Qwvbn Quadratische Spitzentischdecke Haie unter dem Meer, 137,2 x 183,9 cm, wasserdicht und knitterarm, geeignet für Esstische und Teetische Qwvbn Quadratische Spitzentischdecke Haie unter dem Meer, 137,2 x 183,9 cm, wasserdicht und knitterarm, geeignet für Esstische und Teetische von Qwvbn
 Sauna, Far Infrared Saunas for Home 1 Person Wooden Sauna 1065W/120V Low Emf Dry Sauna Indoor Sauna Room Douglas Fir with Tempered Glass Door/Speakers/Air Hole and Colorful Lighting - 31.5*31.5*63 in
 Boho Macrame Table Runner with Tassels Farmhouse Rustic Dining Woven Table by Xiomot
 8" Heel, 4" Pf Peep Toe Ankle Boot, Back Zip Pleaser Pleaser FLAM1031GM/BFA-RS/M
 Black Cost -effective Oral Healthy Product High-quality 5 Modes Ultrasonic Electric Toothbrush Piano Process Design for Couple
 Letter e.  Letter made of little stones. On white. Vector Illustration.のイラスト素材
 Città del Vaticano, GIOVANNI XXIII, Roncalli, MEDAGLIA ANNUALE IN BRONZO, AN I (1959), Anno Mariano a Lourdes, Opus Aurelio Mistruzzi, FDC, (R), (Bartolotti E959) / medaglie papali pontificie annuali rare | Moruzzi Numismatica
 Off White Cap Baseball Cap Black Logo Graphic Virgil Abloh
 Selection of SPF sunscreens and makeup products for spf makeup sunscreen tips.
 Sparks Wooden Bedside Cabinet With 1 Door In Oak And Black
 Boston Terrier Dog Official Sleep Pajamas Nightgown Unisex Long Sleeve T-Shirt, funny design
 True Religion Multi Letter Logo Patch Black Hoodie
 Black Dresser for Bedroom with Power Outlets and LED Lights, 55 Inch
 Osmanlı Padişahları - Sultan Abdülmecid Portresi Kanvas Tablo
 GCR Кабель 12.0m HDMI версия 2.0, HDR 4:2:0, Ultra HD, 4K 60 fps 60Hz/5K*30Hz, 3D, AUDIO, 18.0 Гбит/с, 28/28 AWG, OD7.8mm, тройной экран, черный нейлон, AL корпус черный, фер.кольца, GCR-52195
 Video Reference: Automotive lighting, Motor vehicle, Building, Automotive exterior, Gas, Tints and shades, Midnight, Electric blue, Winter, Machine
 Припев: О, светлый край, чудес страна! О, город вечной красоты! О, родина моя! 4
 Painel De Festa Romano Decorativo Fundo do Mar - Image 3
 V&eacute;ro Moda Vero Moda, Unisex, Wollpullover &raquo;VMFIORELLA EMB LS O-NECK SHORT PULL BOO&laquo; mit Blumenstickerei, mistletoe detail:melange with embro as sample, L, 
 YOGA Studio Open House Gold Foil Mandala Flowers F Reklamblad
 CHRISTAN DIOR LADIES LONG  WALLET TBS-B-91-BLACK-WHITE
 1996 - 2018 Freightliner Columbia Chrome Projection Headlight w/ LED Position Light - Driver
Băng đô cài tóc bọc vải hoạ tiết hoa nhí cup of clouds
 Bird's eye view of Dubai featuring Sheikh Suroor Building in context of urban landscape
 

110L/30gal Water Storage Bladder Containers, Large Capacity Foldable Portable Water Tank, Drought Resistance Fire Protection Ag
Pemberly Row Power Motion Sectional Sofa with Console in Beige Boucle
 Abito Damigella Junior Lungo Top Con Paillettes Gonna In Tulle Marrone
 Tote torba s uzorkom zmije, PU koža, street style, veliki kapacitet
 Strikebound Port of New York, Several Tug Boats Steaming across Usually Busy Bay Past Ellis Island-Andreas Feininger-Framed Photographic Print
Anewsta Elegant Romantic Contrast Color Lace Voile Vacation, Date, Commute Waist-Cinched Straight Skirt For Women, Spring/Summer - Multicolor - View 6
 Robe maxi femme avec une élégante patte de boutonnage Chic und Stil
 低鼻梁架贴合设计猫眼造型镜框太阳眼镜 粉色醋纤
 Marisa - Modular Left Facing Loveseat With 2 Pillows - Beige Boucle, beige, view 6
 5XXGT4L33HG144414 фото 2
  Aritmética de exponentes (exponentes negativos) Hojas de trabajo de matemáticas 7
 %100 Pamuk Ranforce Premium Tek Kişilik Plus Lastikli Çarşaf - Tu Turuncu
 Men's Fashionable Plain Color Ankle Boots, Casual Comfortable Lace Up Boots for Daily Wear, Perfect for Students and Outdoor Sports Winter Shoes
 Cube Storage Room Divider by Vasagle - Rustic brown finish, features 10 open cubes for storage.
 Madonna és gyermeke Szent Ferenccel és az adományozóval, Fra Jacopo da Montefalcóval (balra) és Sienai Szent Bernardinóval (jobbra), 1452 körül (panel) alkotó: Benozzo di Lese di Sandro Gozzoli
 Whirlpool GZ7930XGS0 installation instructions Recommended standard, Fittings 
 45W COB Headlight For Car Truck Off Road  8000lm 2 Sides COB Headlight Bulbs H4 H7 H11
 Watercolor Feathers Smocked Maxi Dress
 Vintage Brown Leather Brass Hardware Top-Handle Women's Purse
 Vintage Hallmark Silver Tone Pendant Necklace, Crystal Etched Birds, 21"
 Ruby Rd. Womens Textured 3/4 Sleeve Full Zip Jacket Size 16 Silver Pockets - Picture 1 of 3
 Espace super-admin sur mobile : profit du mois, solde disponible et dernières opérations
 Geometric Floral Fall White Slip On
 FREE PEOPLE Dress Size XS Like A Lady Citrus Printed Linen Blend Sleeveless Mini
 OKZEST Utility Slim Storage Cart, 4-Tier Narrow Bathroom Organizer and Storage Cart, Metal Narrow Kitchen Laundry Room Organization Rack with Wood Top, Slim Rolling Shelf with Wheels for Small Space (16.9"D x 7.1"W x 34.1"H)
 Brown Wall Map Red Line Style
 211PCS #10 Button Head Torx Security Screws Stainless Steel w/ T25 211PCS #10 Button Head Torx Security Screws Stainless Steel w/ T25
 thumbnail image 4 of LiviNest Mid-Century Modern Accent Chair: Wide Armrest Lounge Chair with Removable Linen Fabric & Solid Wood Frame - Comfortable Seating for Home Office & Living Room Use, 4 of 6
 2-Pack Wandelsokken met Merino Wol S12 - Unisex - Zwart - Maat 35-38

INSTRUCTIONS FOR THE TASK:
All that is needed is the exact run of lines above from the line containing "Città del Vaticano, GIOVANNI" through the line containing "Osmanlı Padişahları - Sultan", both of them included.

ANSWER TO THIS EXERCISE:
 Città del Vaticano, GIOVANNI XXIII, Roncalli, MEDAGLIA ANNUALE IN BRONZO, AN I (1959), Anno Mariano a Lourdes, Opus Aurelio Mistruzzi, FDC, (R), (Bartolotti E959) / medaglie papali pontificie annuali rare | Moruzzi Numismatica
 Off White Cap Baseball Cap Black Logo Graphic Virgil Abloh
 Selection of SPF sunscreens and makeup products for spf makeup sunscreen tips.
 Sparks Wooden Bedside Cabinet With 1 Door In Oak And Black
 Boston Terrier Dog Official Sleep Pajamas Nightgown Unisex Long Sleeve T-Shirt, funny design
 True Religion Multi Letter Logo Patch Black Hoodie
 Black Dresser for Bedroom with Power Outlets and LED Lights, 55 Inch
 Osmanlı Padişahları - Sultan Abdülmecid Portresi Kanvas Tablo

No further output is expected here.